The REFLUX trial, funded by the NIHR HTA, is a multi-centre randomised trial comparing a policy of relatively early laparoscopic surgery with a continued best medical management policy for people with more severe gastro-oesophageal reflux disease (GORD).

810 people with GORD were recruited from 21 centres across the UK - 357 into the randomised component, and 453 into the patient preference component of the trial.  The one year results showed benefits for fundoplication in terms of condition-specific measures of outcome and of the EQ-5D at one year post-surgery.  Extended follow-up to five years was carried out to evaluate the longer term clinical effectiveness and cost-effectiveness of early laparoscopic surgery compared with continued medical management. 

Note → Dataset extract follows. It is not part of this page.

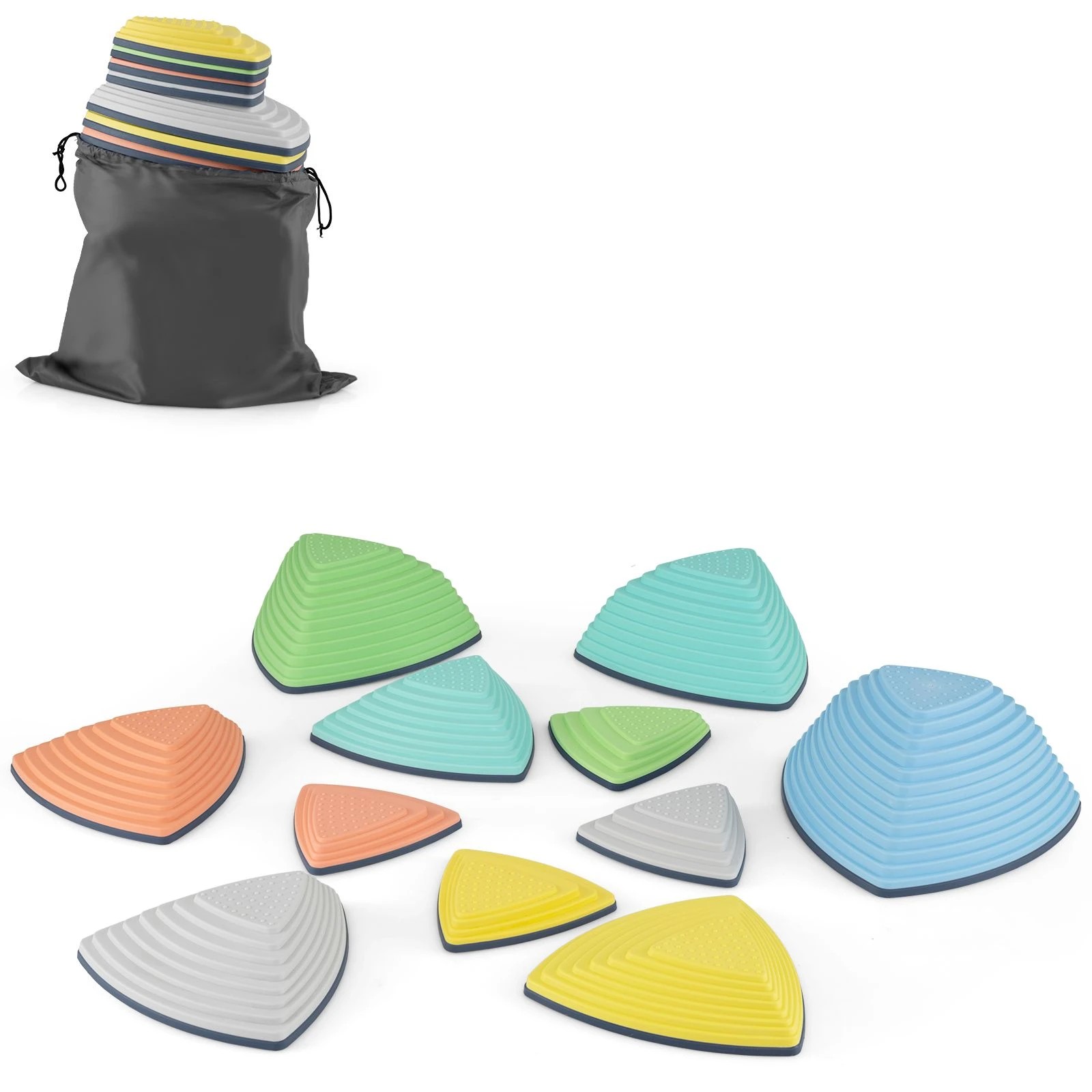 1 Costway 11PCS Stepping Stones Set Non-Slip Balance Stone, 1 of 1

After five years, early laparoscopic surgery continued to provide better relief of GORD symptoms and a better quality of life than medical management. Adverse effects of surgery were uncommon and generally observed soon after surgery. A small proportion had re-operations. There was no evidence of long term adverse symptoms caused by surgery. Despite being initially more costly, a surgical policy is highly likely to be more cost-effective for such patients suffering from chronic GORD.





Grant A, Boachie C, Cotton S, Faria R, Bojke L, Epstein D, Ramsay C, Corbacho B, Sculpher M, Krukowski Zh, Heading R, Campbell M. Clinical and economic evaluation of laparoscopic surgery compared with medical management for gastro-oesophageal reflux disease: 5-year follow-up of multicentre randomised trial (the REFLUX trial), Health Technology Assessment Volume: 17 Issue: 22.

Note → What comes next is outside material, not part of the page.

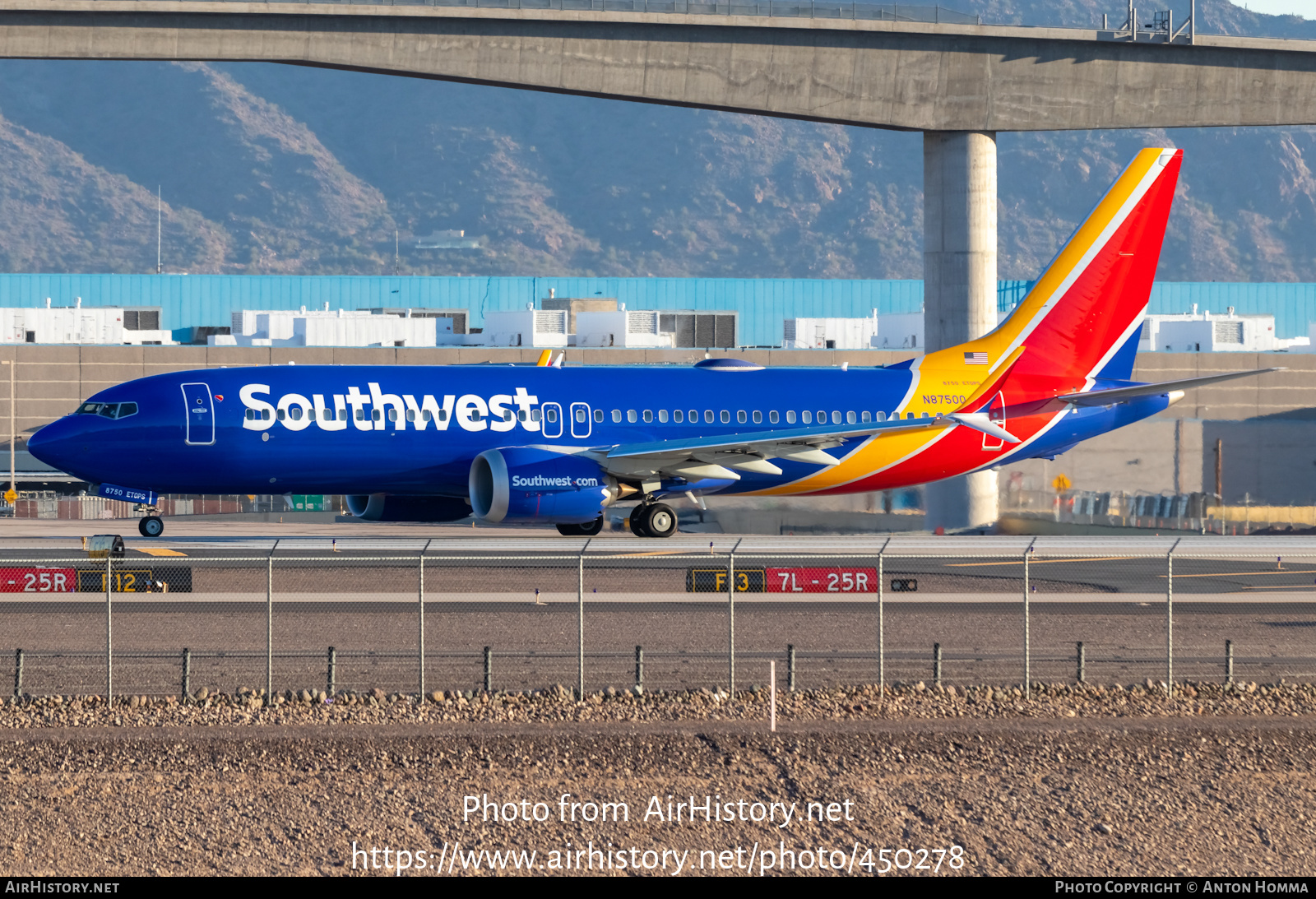 Aircraft Photo of N8750Q | Boeing 737-8 Max 8 | Southwest Airlines | AirHistory.net #450278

A M Grant, S C Cotton, C Boachie, C R Ramsay, Z H Krukowski, R C Heading, M K Campbell, the REFLUX Trial Group.  Minimal access surgery compared with medical management for gastro-oesophageal reflux disease: five year follow-up of a randomised controlled trial (REFLUX). BMJ 2013; 346.

Faria R, Bojke L, Epstein D, Corbacho B, Sculpher M; REFLUX trial group.  Cost-effectiveness of laparoscopic fundoplication versus continued medical management for the treatment of gastro-oesophageal reflux disease based on long-term follow-up of the REFLUX trial.  Br J Surg. 2013 Aug;100(9):1205-13.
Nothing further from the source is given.